I'd like to hear more justification for using strings as input, instead of bytes. What call sites use which? I'm not aware of how many call sites would use this parsing algorithm, so it's hard to judge. Bytes seems more correct though at first impression. If you do go with strings, it should be stated to be a JS string, I think.

The current spec has XXX boxes that are, as far as I can tell, designed to limit certain things to 127 bytes.
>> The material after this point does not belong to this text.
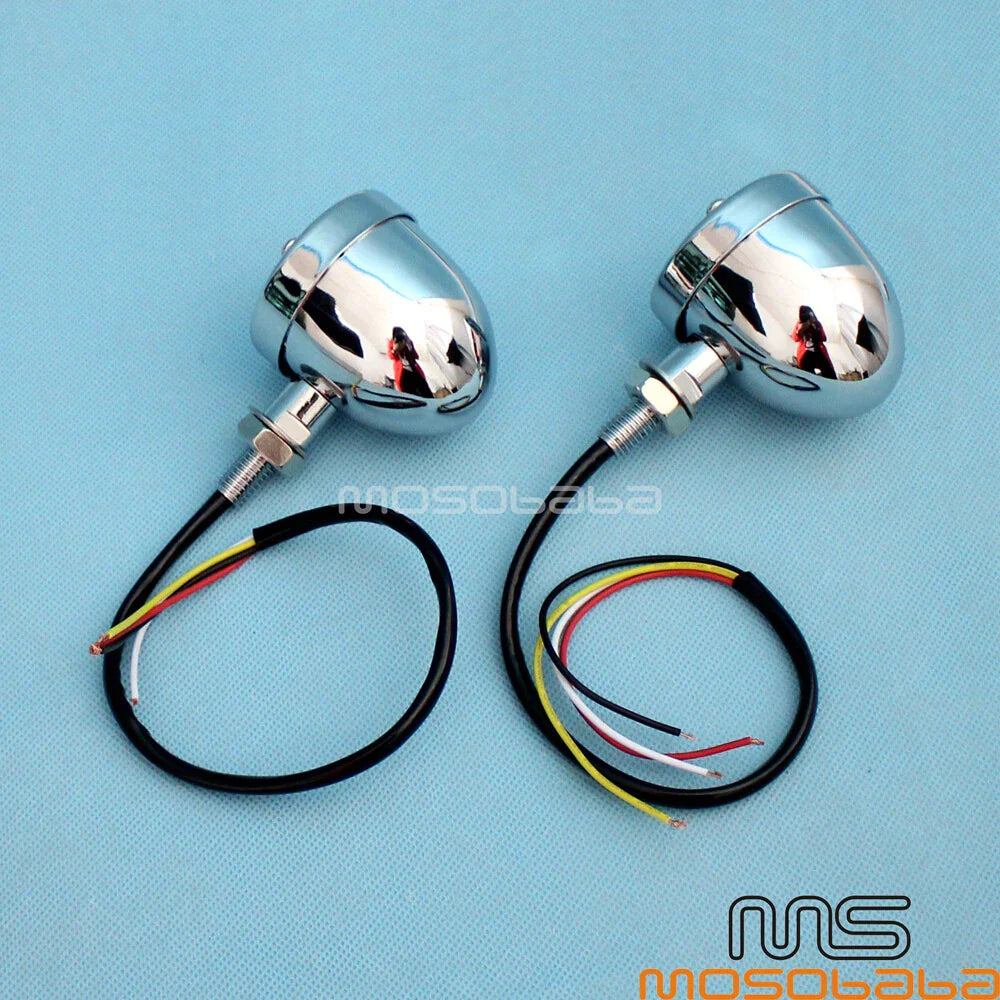 Chrome LED Turn Signal Brake Taillight Set for Harley Honda Cafe Racer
Those have disappeared, but it seems important to do some testing there, or at least preserve some kind of XXX box.

@annevk
Copy link
Member Author

annevk commented Oct 6, 2017

XMLHttpRequest's overrideMimeType() in particular would be hard to define if it was based on bytes. You could roundtrip with UTF-8 and probably be fine though. But also, we have much more utilities for processing strings.

@GPHemsley
Copy link
Member

Indeed, I believe some spec somewhere (an RFC, maybe?) had a limit of 127 bytes, but I questioned whether it was actually enforced by any implementation.

@annevk
Copy link
Member Author

annevk commented Oct 9, 2017

Content-Type: text/html;123456789;123456789;123456789;123456789;123456789;123456789;123456789;123456789;123456789;123456789;123456789;123456789;123456789;charset=gbk results in GBK in all implementations. We also generally don't do limits, so it seems good to get rid of that.

@annevk
Copy link
Member Author

annevk commented Oct 9, 2017

I also don't think we should state a specific string type, this works with all of them after all. Why require casts?

@domenic
Copy link
Member

domenic commented Oct 9, 2017

You're right, I forgot that our only two string types were JS string and SV string.
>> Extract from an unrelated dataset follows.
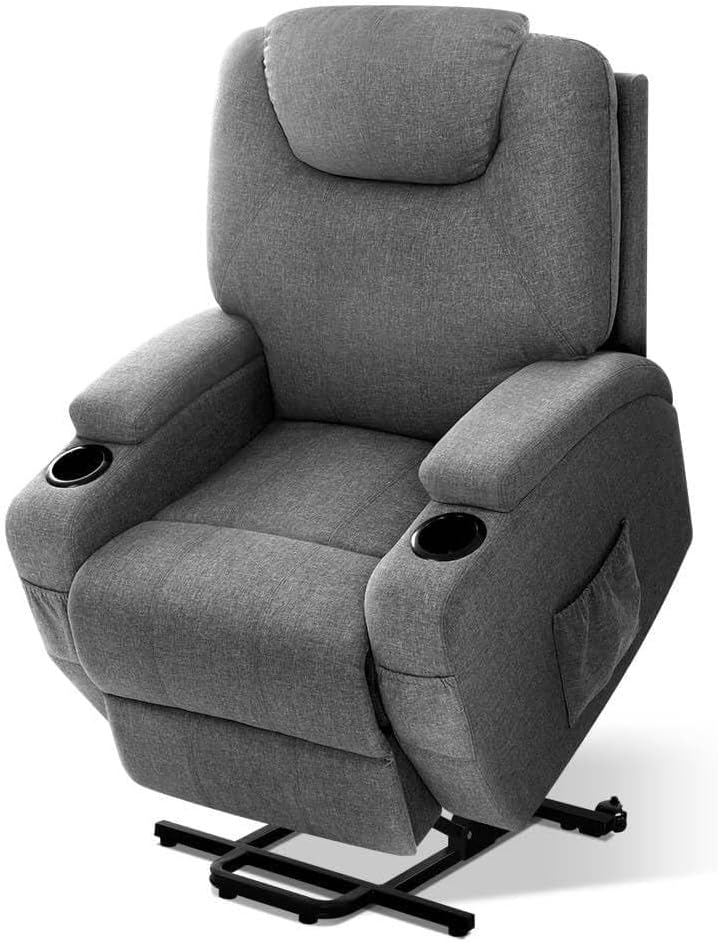 Artiss Massage Chair Grey Fabric Recliner Lounge Sofa Armchair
I'm still not convinced this should be strings instead of bytes though. The lack of utilities for parsing/manipulating byte sequences is fixable. I'd like to get an accounting of the call sites before we decide one way or another.

The XHR overrideMimeType() example is interesting precisely because I'm unsure how it should behave given that it operates on a DOMString (instead of a ByteString). What bytes do we actually transmit over HTTP? It seems like the spec right now sometimes stores a string in the "override MIME type" field, e.g. overrideMimeType() step 3, but sometimes stores a byte sequence, e.g. overrideMimeType() step 2.

Your version not only accepts strings as inputs, but also creates them as outputs in the MIME type struct, which seems quite bad if we're eventually sending these over the wire?

@annevk
Copy link
Member Author

annevk commented Oct 10, 2017

What bytes do we actually transmit over HTTP?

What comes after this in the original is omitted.